As she takes her seat on a television-show set that’s right at the center of any given day’s most contentious political and cultural debates, the vitriolic attacks against Joy Reid from faceless Twitter followers are guaranteed to increase.
And it’s safe to say that critics on the right would cheer if her commentary were to “lean forward” just a little too far, making her the latest MSNBC personality forced to apologize or step down. But Reid, the cable news network’s newly appointed host (and the fourth who identifies as black, if you’re counting), doesn’t plan to let the pressures of the new platform temper her expression of the kinds of opinions that have fueled her nearly 15-year career in media.
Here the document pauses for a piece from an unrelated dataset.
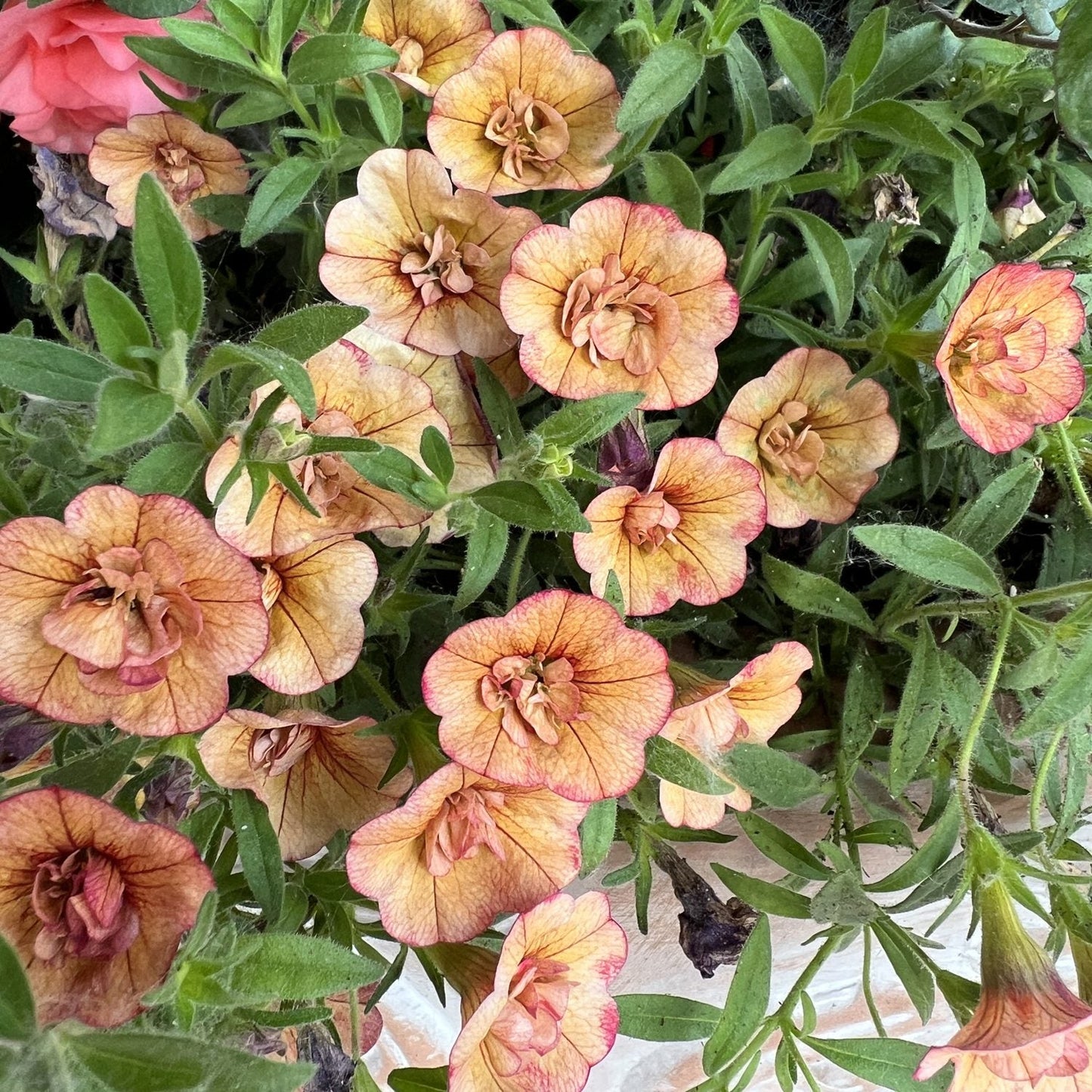 Superbells® Double Vintage Coral™ Calibrachoa features clusters of small, peach-colored double blooms with red veins and green leaves - Photo Property of Garden Crossings LLC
“You can’t do this job with a fear of what might happen,” she says. “I don’t think I could go in from a point of view of fear.”
Her new show, The Reid Report—its name is borrowed from her blog and personal Twitter handle—will launch on Feb. 24 at 2 p.m. The program is slated to be what Reid—who’s already a regular MSNBC contributor and frequent guest host, in addition to her roles as managing editor of The Grio and Miami Herald columnist—calls a “table-setter for prime time” that includes “a lot of policy and politics, as well as things happening in the culture right then and there.
“Everyone at MSNBC has a different, unique perspective,” she says. So, how will her personality and priority color her daily hour? One thing’s clear: The veteran journalist delights in the opportunity to weigh in on the messy places where race rears it head amid political and cultural headlines.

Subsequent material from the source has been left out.